Der idyllische Pfad ist in vielerlei Hinsicht interaktiv. Die Werke interagieren mit den Besuchern. Im schlechten Sinne: "Ab und an werden Infotafeln abgeknickt oder Banner beschmiert", so die Vorsitzende. Im guten Sinne: Die Spaziergänger dürfen die Werke betasten, ihnen Klänge entlocken – etwa bei den "Stilisierten Bäumen" aus Schwarzblech von Ulli Heyd. Oder sie dürfen sich auf einer Bodenplatte selber als "Lebende Skulpturen" für Selfies und Co. in Szene setzen. Sie dürfen aber auch nach Antworten suchen: Was sagen mir die vierbrüstige Flussgöttin von Helena Müller, der in luftiger Höhe schwebende blaue Schwimmer im Trockendock von Pavel Miguel oder "Kai" von Birgit Feil, der auf einem Wolkenschiff träumt? Lüthje-Lenhart: "Interessanterweise fühlen sich gerade junge Frauen von diesem Kai aus Acrylgießmasse arrogant gemustert." Ein Chauvinist oder Sexist auf Wolke sieben?

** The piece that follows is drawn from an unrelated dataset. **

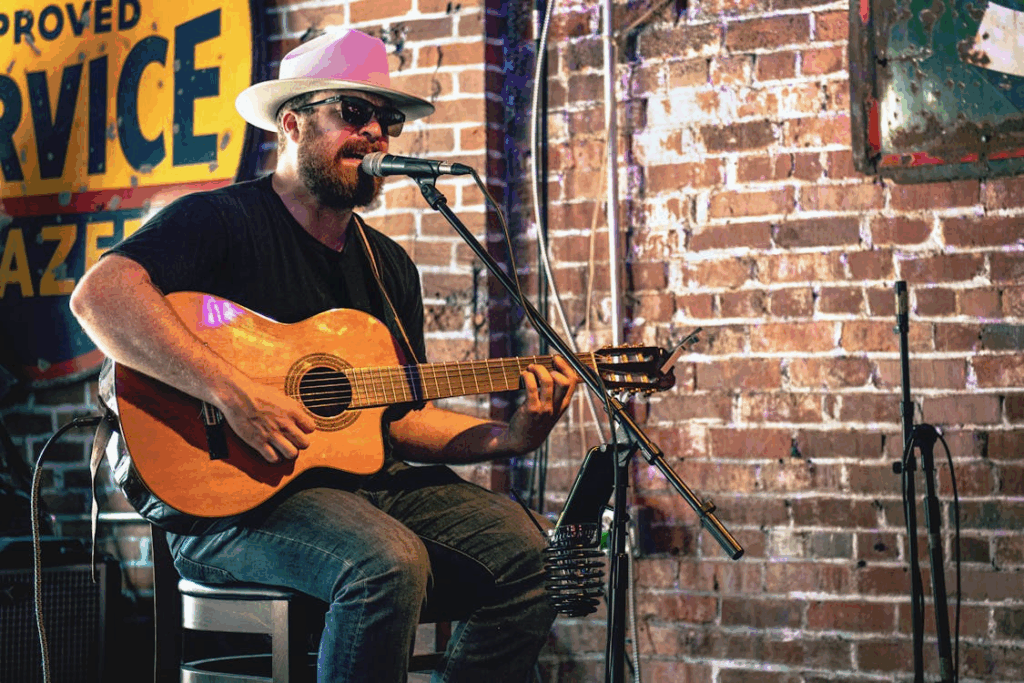 Musician performing live in a Nashville honky-tonk bar, capturing the heart of the Nashville country music scene.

Zudem interagieren die Werke mit den Kräften der Natur: Sie bekommen Risse wie der hölzerne "Bobo" von Manfred Martin. Sie werden weggespült wie beim Unwetter 2021. Sie zerfallen, korrodieren, vermoosen, verflechten, ergrauen, stürzen um, verschwinden wie das geliebte "Goldfischfräulein" von Birgit Rehfeldt oder bilden Muster auf Betonsockeln aus: natürliche Prozesse, gewollte und ungewollte.

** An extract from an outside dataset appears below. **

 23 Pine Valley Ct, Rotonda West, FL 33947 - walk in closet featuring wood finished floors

Schließlich interagieren die Werke mit den Künstlern selbst: Ihre Schöpfer tauschen sie aus, hübschen sie auf, verkaufen sie oder "überarbeiten sie wie Rotraut Hofmann. Ganz oben an ihrer Steinsteele zum Thema Grenzen hat sie eine Klammer geöffnet, als die Mauer in Berlin fiel", erzählt Harry Stoll, der Mann von Lüthje-Lenhart. Oder Künstler bespielen einen festen Standort entlang des Weges immer wieder neu. Die "Nische"ist so ein Ort: eine bühnenartige Ausstellungsfläche, die das Spektrum der Freiluftgalerie hin zu Malerei, Performance und Installation erweitert.
Infos zum Ausflugstipp
Kurzsteckbrief: Der Skulpturenweg Pfinztal im Ortsteil Kleinsteinbach ist das ganze Jahr über kostenfrei und rund um die Uhr begehbar.
Neben Skulpturen bietet er Poesie am Wegesrand, Fotografien, ein sprechendes altes Trafohaus mit Gesicht, einen Kinderspielplatz am Rokycany-Platz, spezielle Aktionstage (im Winter Nachtwanderung mit Handlampen/Workshops) und an heißen Tagen sogar Schatten. Der Weg kann auch krönender Abschluss einer Wanderung von Durlach über den Thomashof nach Kleinsteinbach oder Teilstück des Pfinztaler Dreihäuserweges (21 Kilometer langer Rundweg, Beschreibung als PDF, 906 KB) sein.
Anfahrt und Einkehr: Mit der S5 bis zum Bahnhof Kleinsteinbach. Mit dem Auto über die B10 von Karlsruhe Richtung Pforzheim oder über die A8-Ausfahrt Karlsbad und dann über die L609 und L563 nach Kleinsteinbach. Parkmöglichkeiten in Bahnhofsnähe und am Bocksbach beim "Gasthaus Adler". Dort und in der Bäckerei Bauer sowie in weiteren Lokalen des Ortes Einkehrmöglichkeiten.
Weitere Informationen: Die Webseite swip-pfinztal.de bietet Hintergründe zu allen Werken und Künstlern, großformatige Bilder, eine Orientierungskarte und die Kontaktadresse für Führungen.